** Opening Information given block **

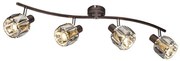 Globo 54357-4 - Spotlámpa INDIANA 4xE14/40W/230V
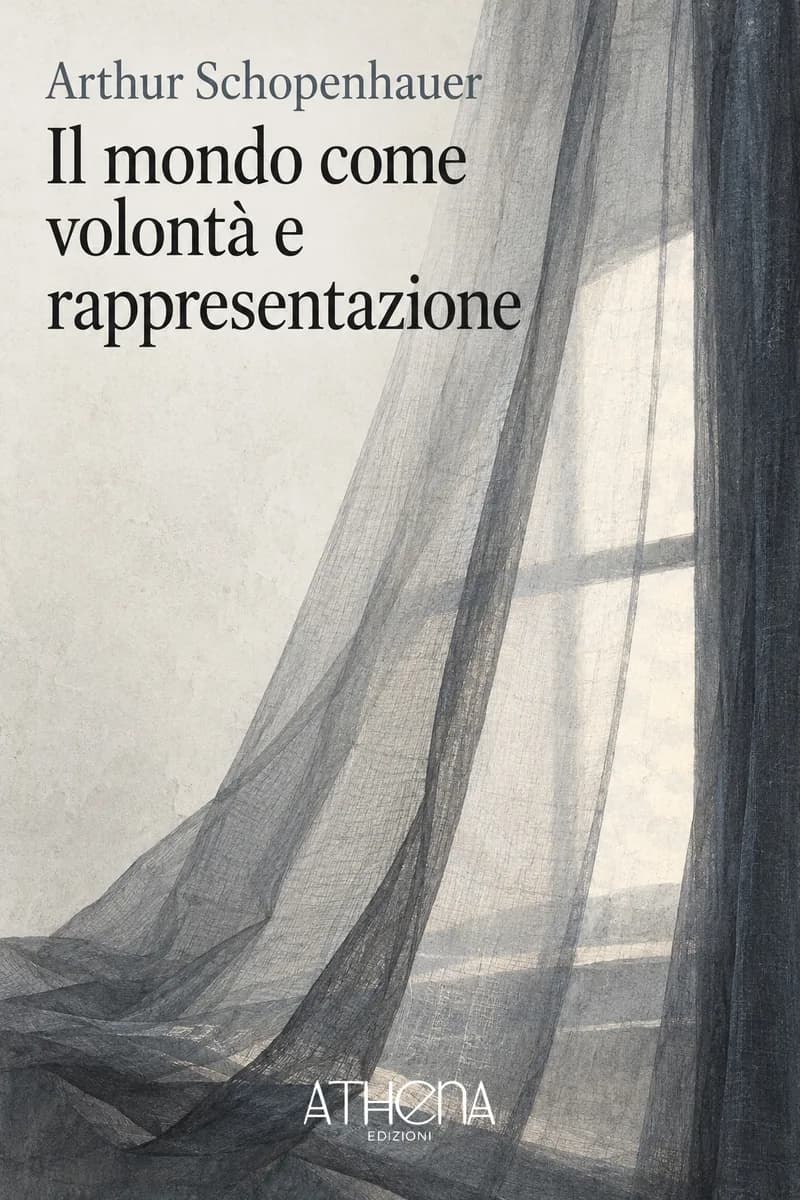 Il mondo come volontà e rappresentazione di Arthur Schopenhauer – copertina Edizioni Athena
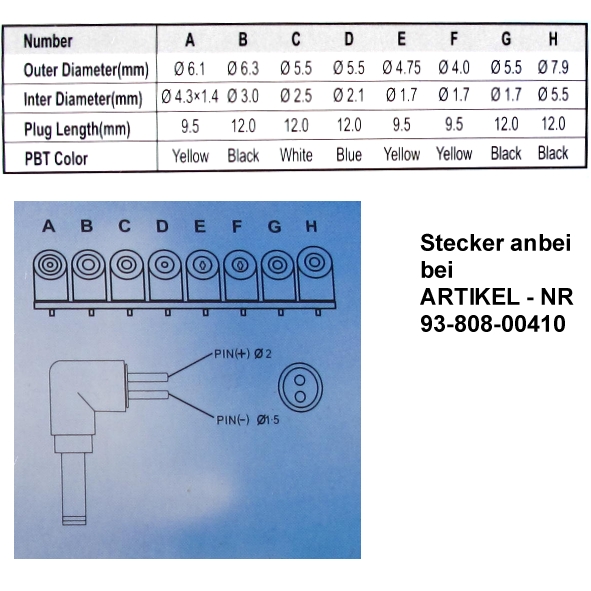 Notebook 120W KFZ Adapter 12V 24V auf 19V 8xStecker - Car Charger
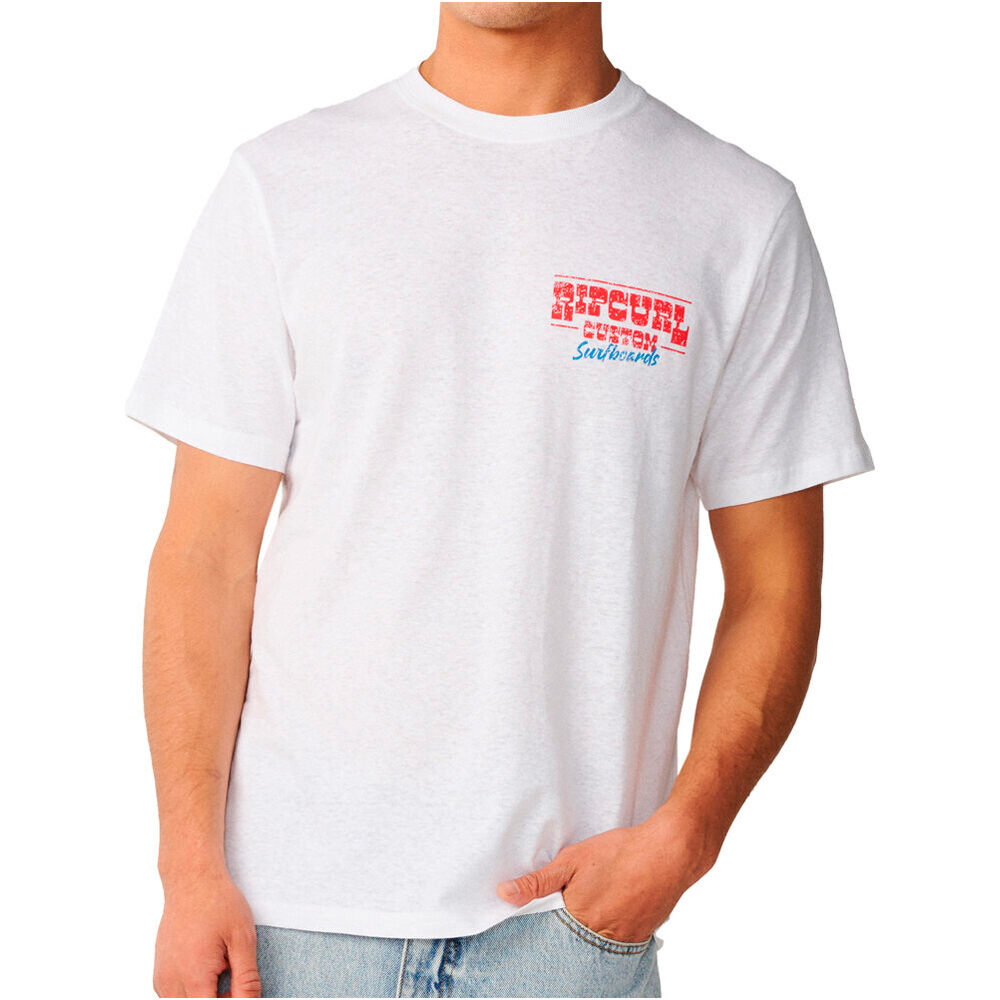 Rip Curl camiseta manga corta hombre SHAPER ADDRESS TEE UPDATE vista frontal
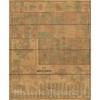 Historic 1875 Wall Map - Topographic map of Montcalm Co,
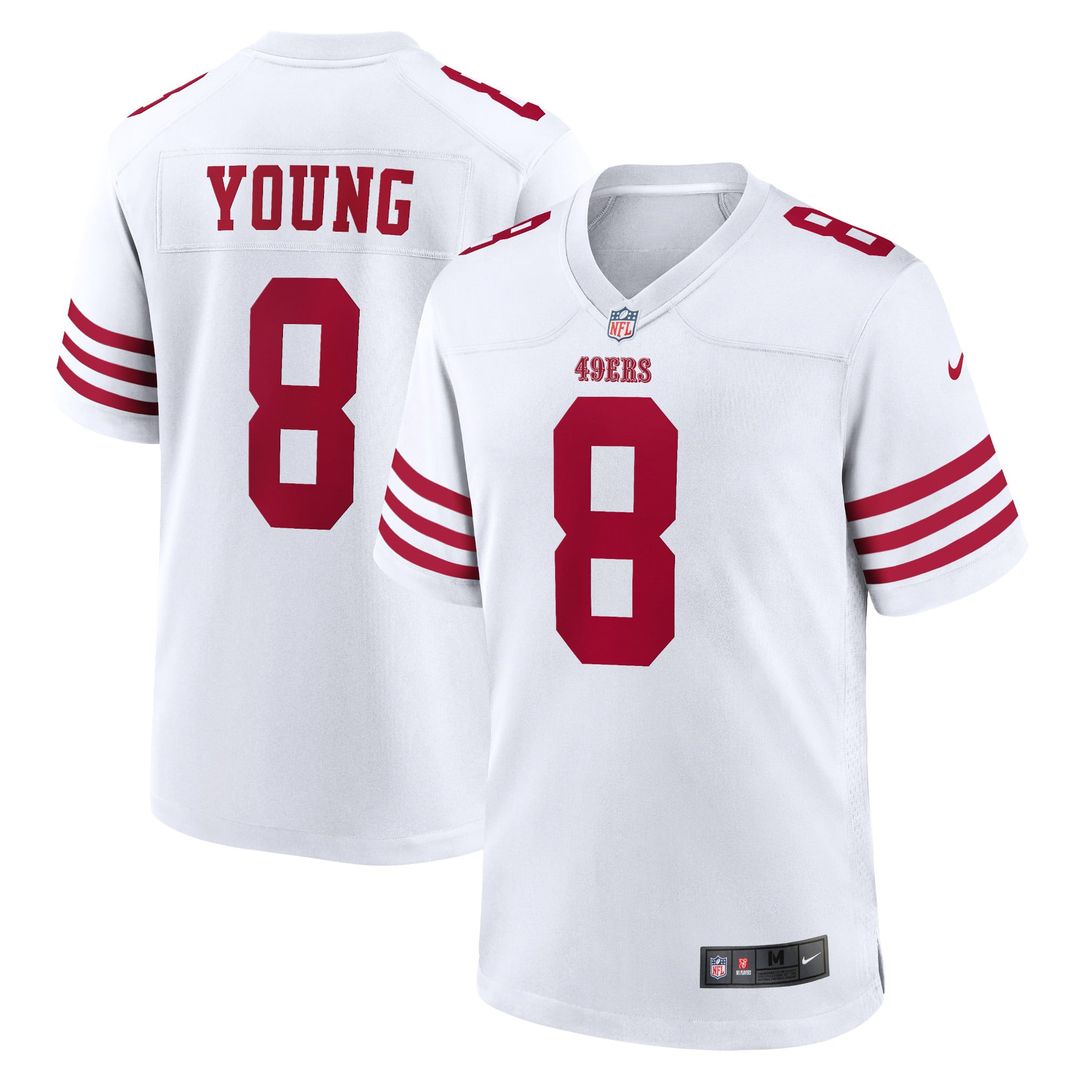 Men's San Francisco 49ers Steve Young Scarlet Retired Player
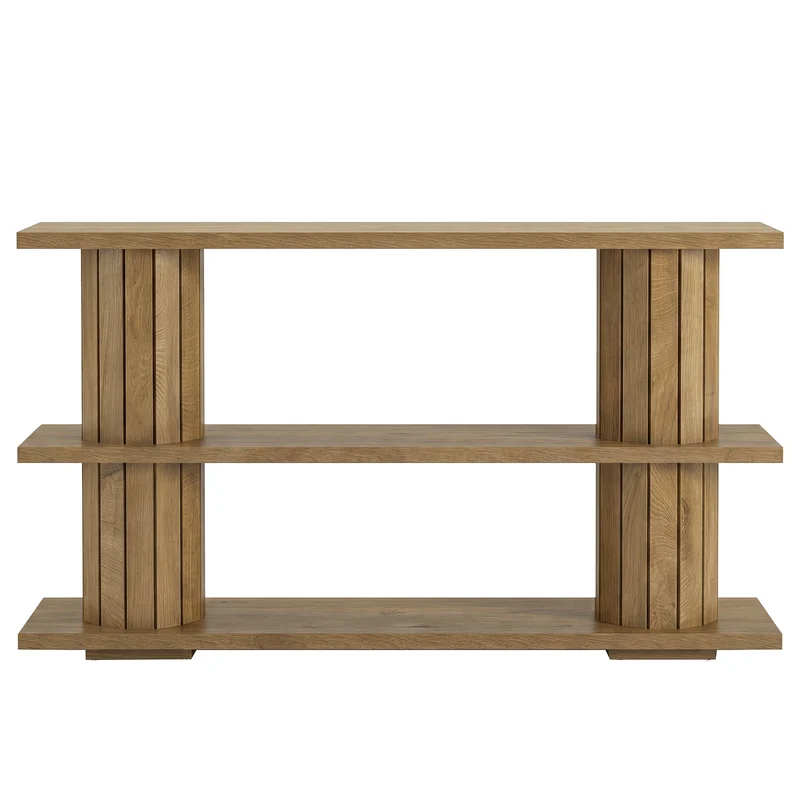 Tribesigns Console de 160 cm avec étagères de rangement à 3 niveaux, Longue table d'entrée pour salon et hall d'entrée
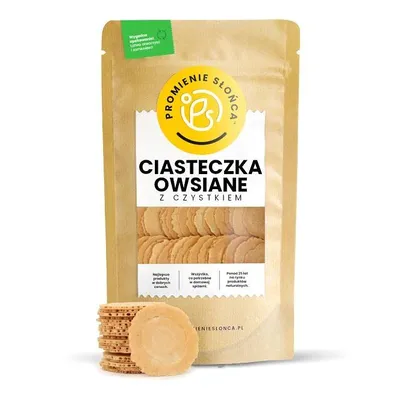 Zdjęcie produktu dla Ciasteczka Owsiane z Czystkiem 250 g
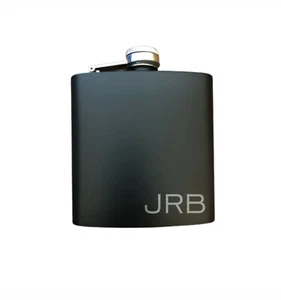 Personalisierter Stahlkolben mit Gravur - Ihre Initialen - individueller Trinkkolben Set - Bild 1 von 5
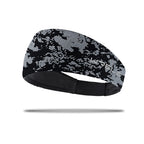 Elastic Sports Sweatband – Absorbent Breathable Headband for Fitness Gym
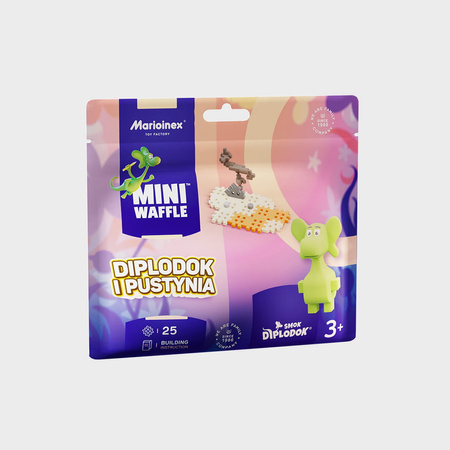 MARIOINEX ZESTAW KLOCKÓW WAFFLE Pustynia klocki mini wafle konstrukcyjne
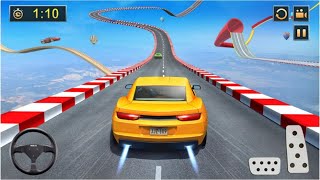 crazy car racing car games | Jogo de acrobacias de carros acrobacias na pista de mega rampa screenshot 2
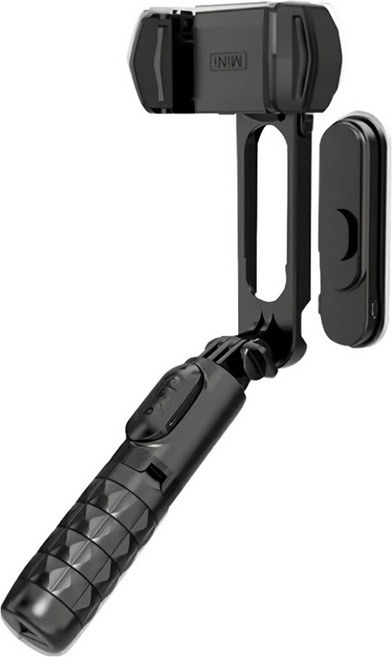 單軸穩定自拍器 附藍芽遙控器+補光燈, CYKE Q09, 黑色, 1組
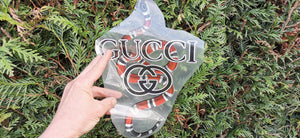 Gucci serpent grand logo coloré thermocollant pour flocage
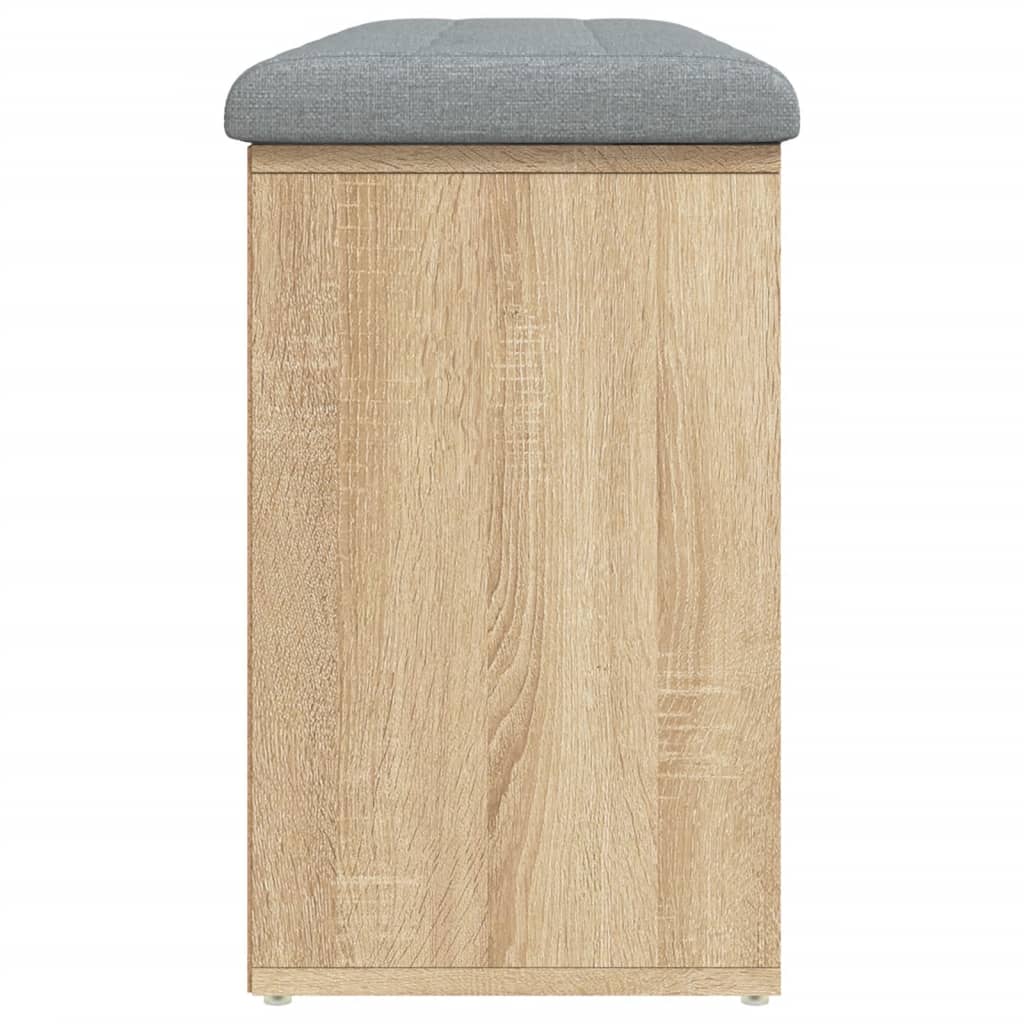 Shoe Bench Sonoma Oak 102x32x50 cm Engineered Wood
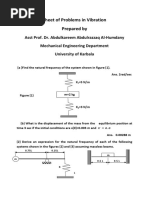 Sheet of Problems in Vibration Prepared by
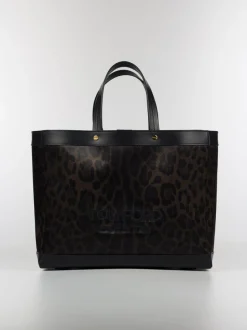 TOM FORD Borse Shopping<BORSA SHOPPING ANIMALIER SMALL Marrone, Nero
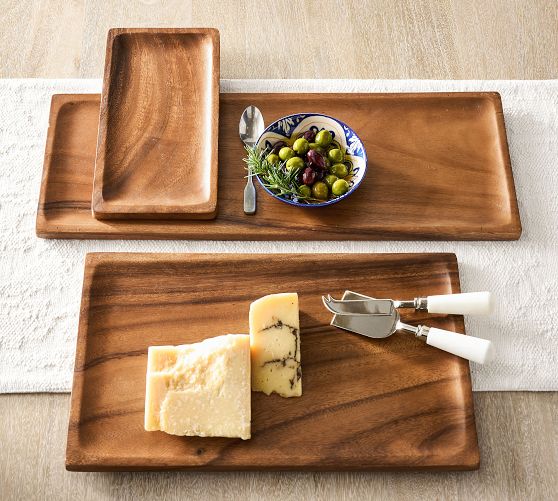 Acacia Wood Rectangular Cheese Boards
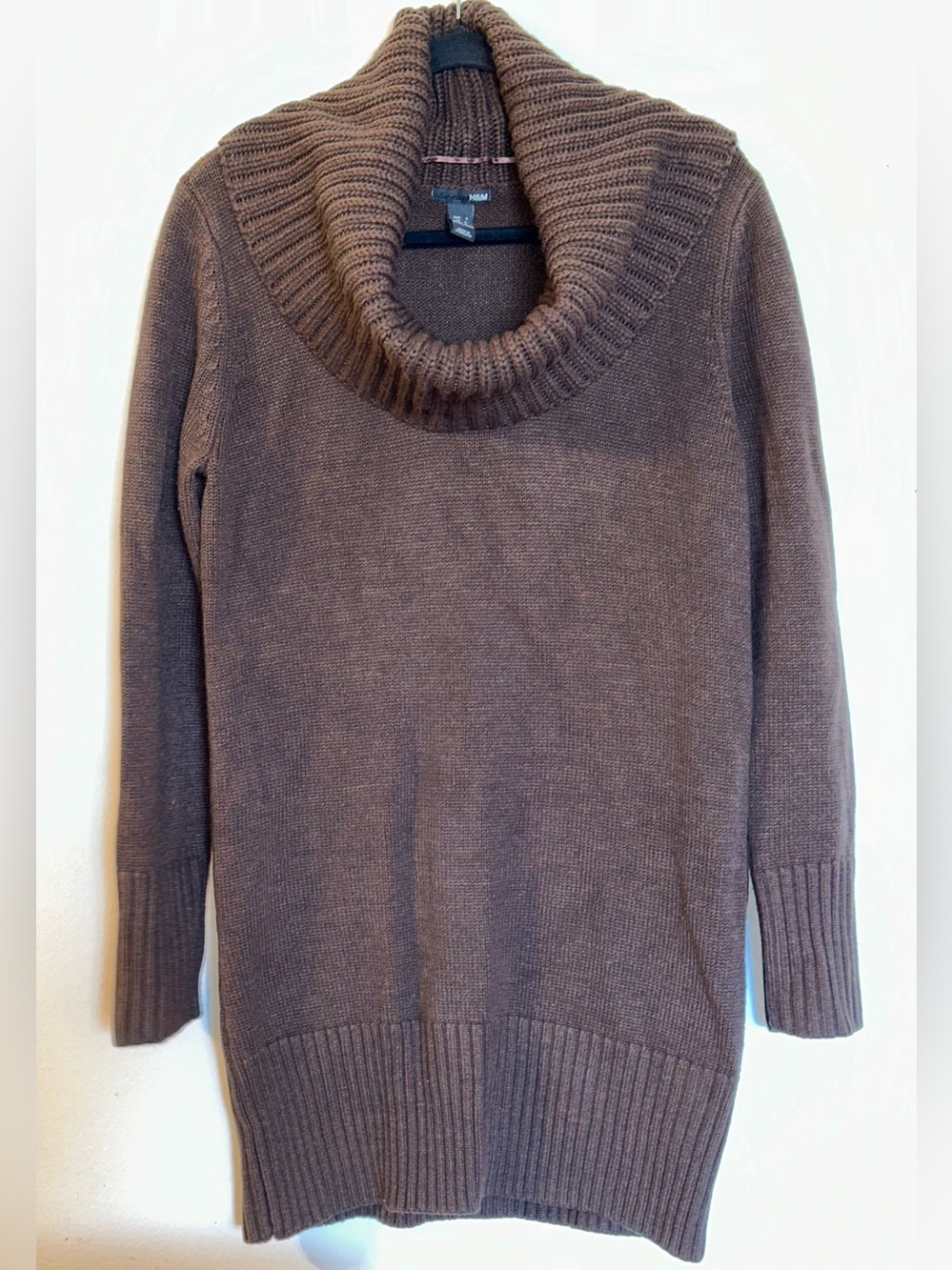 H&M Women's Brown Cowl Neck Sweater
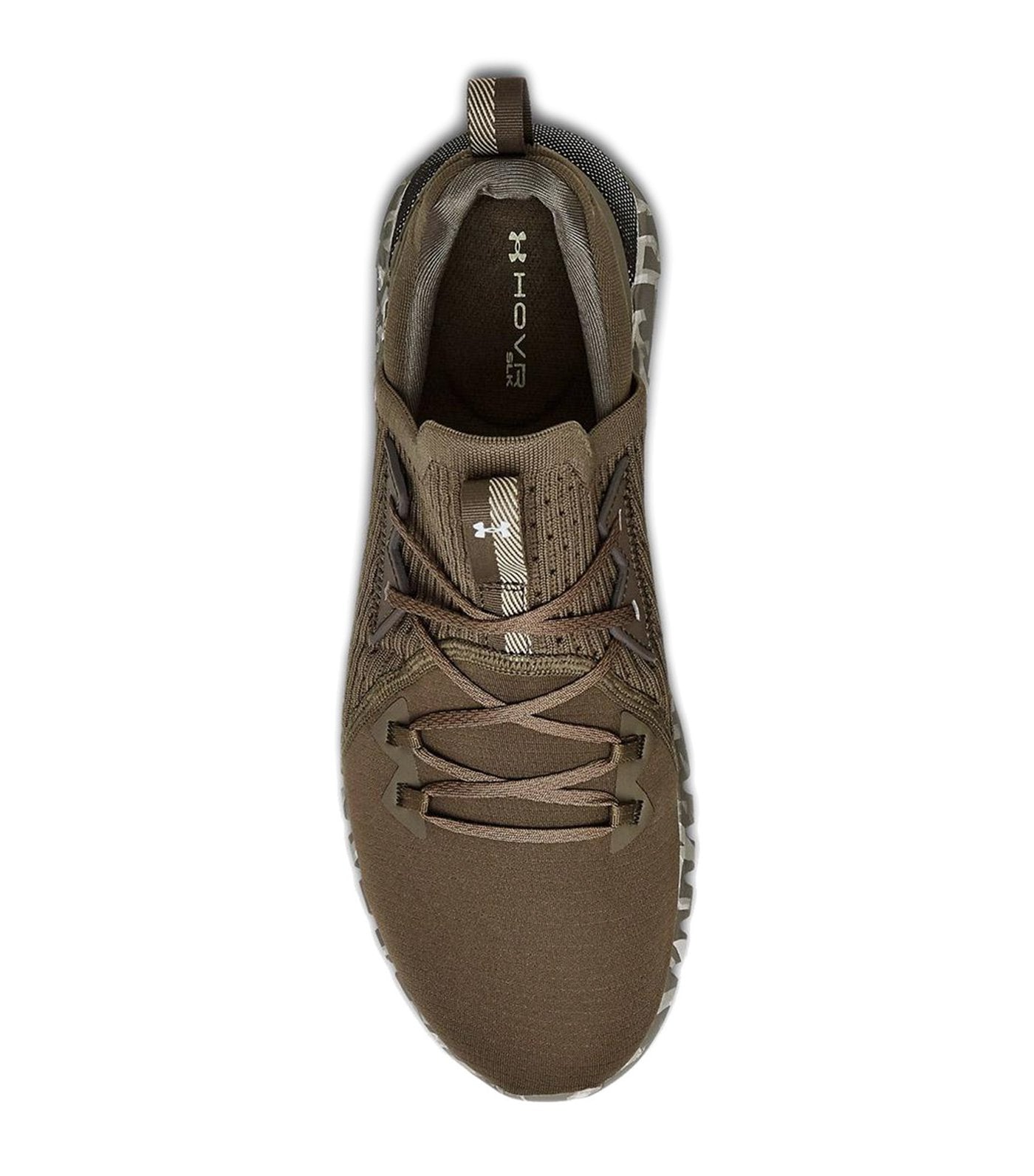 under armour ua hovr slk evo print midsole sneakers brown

** Closing Information given block **

Your instructions
In the copy, include every entry above exactly and leave out each picture.

Problem solution
 Globo 54357-4 - Spotlámpa INDIANA 4xE14/40W/230V
 Il mondo come volontà e rappresentazione di Arthur Schopenhauer – copertina Edizioni Athena
 Notebook 120W KFZ Adapter 12V 24V auf 19V 8xStecker - Car Charger
 Rip Curl camiseta manga corta hombre SHAPER ADDRESS TEE UPDATE vista frontal
 Historic 1875 Wall Map - Topographic map of Montcalm Co,
 Men's San Francisco 49ers Steve Young Scarlet Retired Player
 Tribesigns Console de 160 cm avec étagères de rangement à 3 niveaux, Longue table d'entrée pour salon et hall d'entrée
 Zdjęcie produktu dla Ciasteczka Owsiane z Czystkiem 250 g
 Personalisierter Stahlkolben mit Gravur - Ihre Initialen - individueller Trinkkolben Set - Bild 1 von 5
 Elastic Sports Sweatband – Absorbent Breathable Headband for Fitness Gym
 MARIOINEX ZESTAW KLOCKÓW WAFFLE Pustynia klocki mini wafle konstrukcyjne
 crazy car racing car games | Jogo de acrobacias de carros acrobacias na pista de mega rampa screenshot 2
 單軸穩定自拍器 附藍芽遙控器+補光燈, CYKE Q09, 黑色, 1組
 Gucci serpent grand logo coloré thermocollant pour flocage
 Shoe Bench Sonoma Oak 102x32x50 cm Engineered Wood
 Sheet of Problems in Vibration Prepared by
 TOM FORD Borse Shopping<BORSA SHOPPING ANIMALIER SMALL Marrone, Nero
 Acacia Wood Rectangular Cheese Boards
 H&M Women's Brown Cowl Neck Sweater
 under armour ua hovr slk evo print midsole sneakers brown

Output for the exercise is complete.